Jim Jarmusch, une errance américaine
Jim Jarmusch, une errance américaine
Par Clarisse Fabre
Une rétrospective de ses six premiers films éclaire l’œuvre du cinéaste et musicien, où la bande-son se fait langage et où les héros plient bagage.
Découvrir le film de fin d’études de Jim Jarmusch, Permanent Vacation (1980), c’est un peu entrer dans le laboratoire du réalisateur américain, dandy parmi les rebelles du cinéma indépendant, tant ce prototype lumineux contenait déjà tout l’imaginaire qu’il allait déployer par la suite : le balayage de l’Amérique du côté des bas-fonds, l’errance post-punk érigée en principe de narration, et une bande-son tenant lieu de langage – les films de Jarmusch sont peuplés de ses amis musiciens, compositeurs (John Lurie, Tom Waits, Joe Strummer, Screamin’Jay Hawkins…), portant la musique à l’écran comme jamais auparavant.

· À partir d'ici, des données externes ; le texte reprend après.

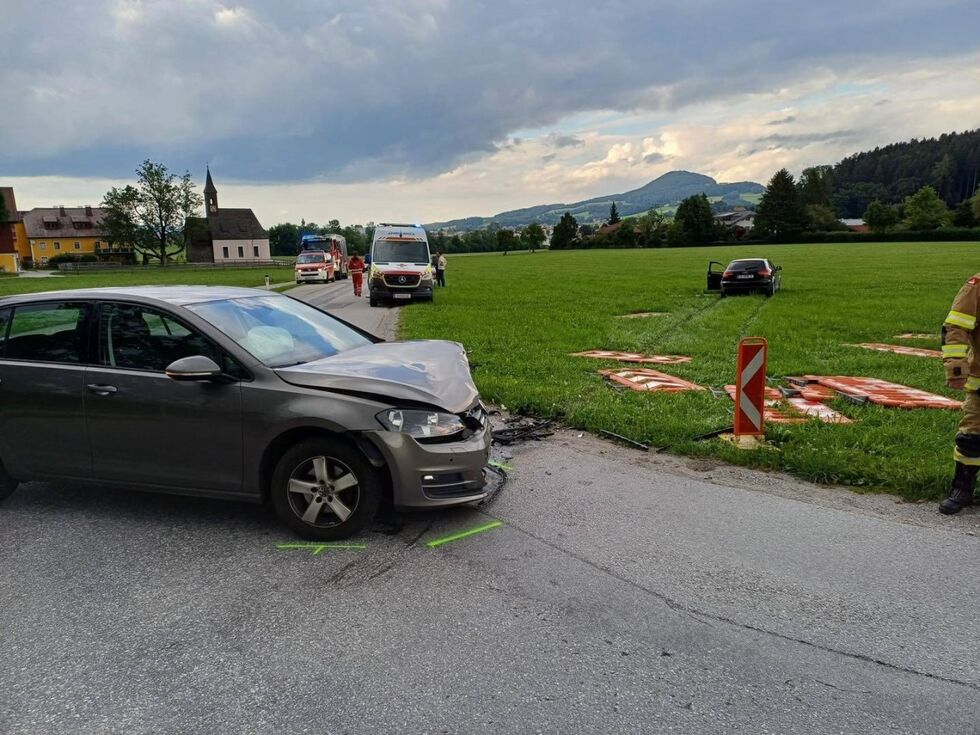Obertrum: Zwei Pkw kollidierten im Kreuzungsbereich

La rétrospective des six premiers films (restaurés) de Jarmusch, à redécouvrir en salle à partir du 3 juillet, à l’initiative des distributeurs Les Acacias et Le Pacte, révèle la cohérence de cette filmographie naissante : Jarmusch est l’auteur de treize « longs » dont le dernier, The Dead Don’t Die, était en compétition à Cannes. Né en 1953 dans l’Ohio, Jarmusch a grandi avec une mère critique de cinéma et un père dans les affaires, d’origine tchèque et allemande. Marqué par les films de Nicholas Ray (La Fureur de vivre, 1955), Jarmusch filme des perdants dont la dérive est la charpente même du scénario. Que le héros jarmuschien aille à pied (Permanent Vacation, 1980), en voiture, en avion (Stranger than Paradise, 1982), qu’il soit en prison (Down by Law, 1986), qu’il monte dans un train (Mystery Train, 1989, Dead Man, 1995) ou un taxi (Night on Earth, 1989), il est un passager en partance, en exil, un être entre deux portes, deux Amérique, deux mondes (Est, Ouest avant la chute du Mur).
Permanent Vacation s’ouvre sur une foule new-yorkaise qui marche au ralenti, telle une masse compacte, interchangeable, qui irait tranquillement dans le mur. Puis la caméra se pose dans les rues délabrées de la ville, qu’elle ne quittera plus. Pendant plus d’une heure, le personnage principal, Allie, 16 ans (Chris Parker) nous offre l’une des plus belles déambulations dans le New York des années 1970, où le soleil brille comme l’ennui. « Je ne veux pas un boulot, une maison, des impôts (…) Disons que je suis un touriste en vacances permanentes », dit (en voix off) le jeune homme. Permanent Vacation annonce Stranger than Paradise et le vide existentiel d’un trio désœuvré (John Lurie, Richard Edson, Eszter Balint) filmé dans de superbes travellings : deux jeunes Américains survivent en jouant aux cartes, tandis que la cousine de l’un d’eux arrive de Budapest. Ce second long-métrage obtint la Caméra d’or à Cannes en 1984 – fait étonnant puisque cette récompense est d’ordinaire réservée à des premiers films.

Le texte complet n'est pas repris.